#### Exercise directions:
Reproduce each line below precisely. Drop the pictures.

[Source records]

________________________________________

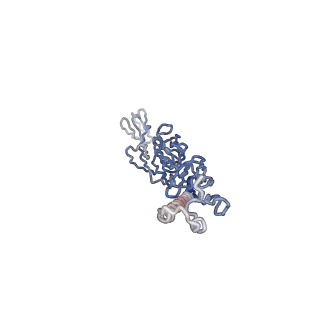 30479_7cw2_w_v1-2
Cryo-EM structure of Chikungunya virus in complex with Fab fragments of mAb CHK-263 (subregion around icosahedral 5-fold vertex)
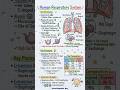 Human Respiratory System Explaination #knowledgeispower #human #respiratorysystem #science #viral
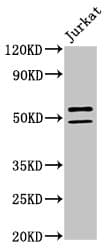 NOVA1 Antibody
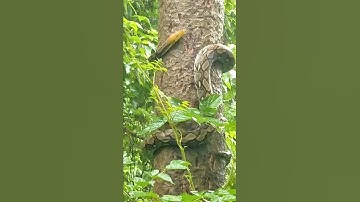 Huge python climbing tree. #snake #snakes #python #shorts #short #shortvideo #viral #viralshorts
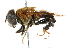  ( - CNC DIPTERA 102428)  @13 [ ] CreativeCommons - Attribution (2011) CNC/CBG Photography Group Centre for Biodiversity Genomics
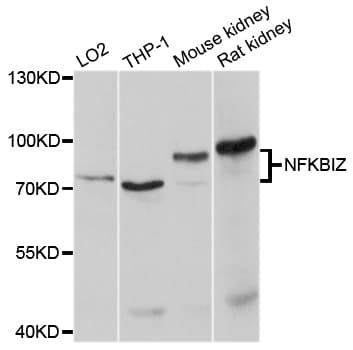 NFKBIZ / IKBZ Antibody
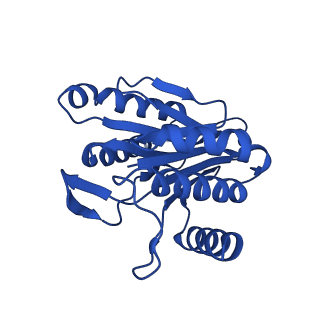 4128_5lzp_F_v1-5
Binding of the C-terminal GQYL motif of the bacterial proteasome activator Bpa to the 20S proteasome
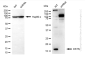 KD-Validated Anti-DSTN Rabbit Monoclonal Antibody ABG1008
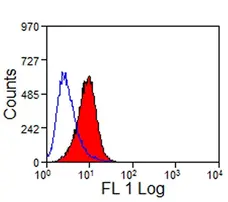 Anti Mouse TIM-1 Antibody, clone RMT1-10 gallery image 2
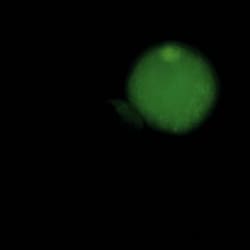 MilliporeSigma™ Chemicon™ CaspaTag Pan-Caspase In Situ Assay Kit, Fluorescein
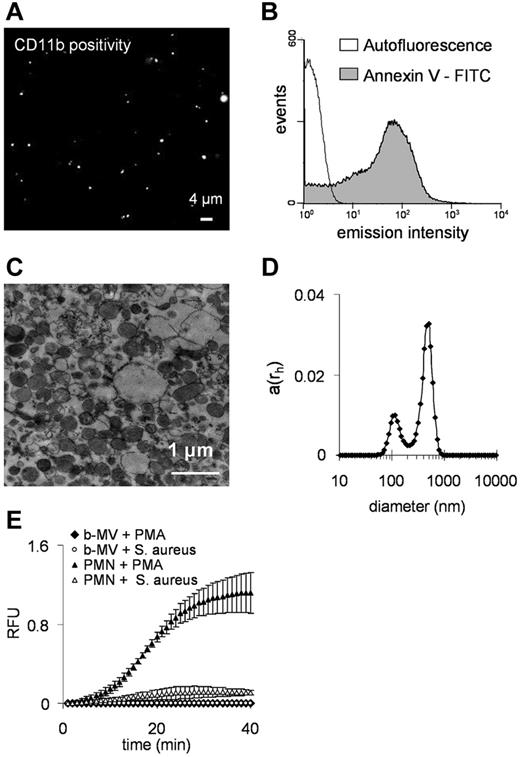 Figure 2. Characterization of PMN-derived MVs. (A) Fluorescence microscopy image of separated MVs. CD11b was marked with anti-CD11b R-PE conjugated monoclonal antibody. Original magnification is 630×. (B) Flow cytometry analysis of binding of FITC-conjugated annexin to phosphatidylserine. (C) Representative electron microscopic image of MVs. Original magnification is 10 000×. (D) Analysis of isolated MVs by dynamic light scattering. The x-axis is set to logarithmic scale, a(rh) denotes the coefficient of autocorrelation function of the scattered electric field. (E) Superoxide production of 106 PMNs or MVs derived from 107 PMNs stimulated by 100nM PMA (dots show mean of measured RFU ± SEM, n = 4).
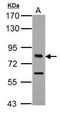 Transcription Factor 3 antibody, NBP2-20585, Novus Biologicals, Western Blot image 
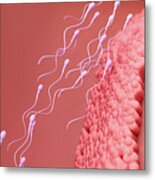 Sperm Cells Travelling To Fertilise Egg Cell Metal Print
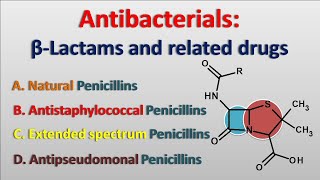 Antibacterials  Betalactam antibiotics and related drugs [upl. by Enomal394]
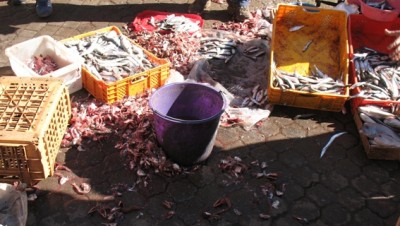 12 Markt Fische.JPG (133.35 KiB) 3163 mal betrachtet Fische werden auf der Straße ausgenommen.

________________________________________

#### Reply:
 30479_7cw2_w_v1-2
Cryo-EM structure of Chikungunya virus in complex with Fab fragments of mAb CHK-263 (subregion around icosahedral 5-fold vertex)
 Human Respiratory System Explaination #knowledgeispower #human #respiratorysystem #science #viral
 NOVA1 Antibody
 Huge python climbing tree. #snake #snakes #python #shorts #short #shortvideo #viral #viralshorts
  ( - CNC DIPTERA 102428)  @13 [ ] CreativeCommons - Attribution (2011) CNC/CBG Photography Group Centre for Biodiversity Genomics
 NFKBIZ / IKBZ Antibody
 4128_5lzp_F_v1-5
Binding of the C-terminal GQYL motif of the bacterial proteasome activator Bpa to the 20S proteasome
 KD-Validated Anti-DSTN Rabbit Monoclonal Antibody ABG1008
 Anti Mouse TIM-1 Antibody, clone RMT1-10 gallery image 2
 MilliporeSigma™ Chemicon™ CaspaTag Pan-Caspase In Situ Assay Kit, Fluorescein
 Figure 2. Characterization of PMN-derived MVs. (A) Fluorescence microscopy image of separated MVs. CD11b was marked with anti-CD11b R-PE conjugated monoclonal antibody. Original magnification is 630×. (B) Flow cytometry analysis of binding of FITC-conjugated annexin to phosphatidylserine. (C) Representative electron microscopic image of MVs. Original magnification is 10 000×. (D) Analysis of isolated MVs by dynamic light scattering. The x-axis is set to logarithmic scale, a(rh) denotes the coefficient of autocorrelation function of the scattered electric field. (E) Superoxide production of 106 PMNs or MVs derived from 107 PMNs stimulated by 100nM PMA (dots show mean of measured RFU ± SEM, n = 4).
 Transcription Factor 3 antibody, NBP2-20585, Novus Biologicals, Western Blot image 
 Sperm Cells Travelling To Fertilise Egg Cell Metal Print
 Antibacterials  Betalactam antibiotics and related drugs [upl. by Enomal394]
 12 Markt Fische.JPG (133.35 KiB) 3163 mal betrachtet Fische werden auf der Straße ausgenommen.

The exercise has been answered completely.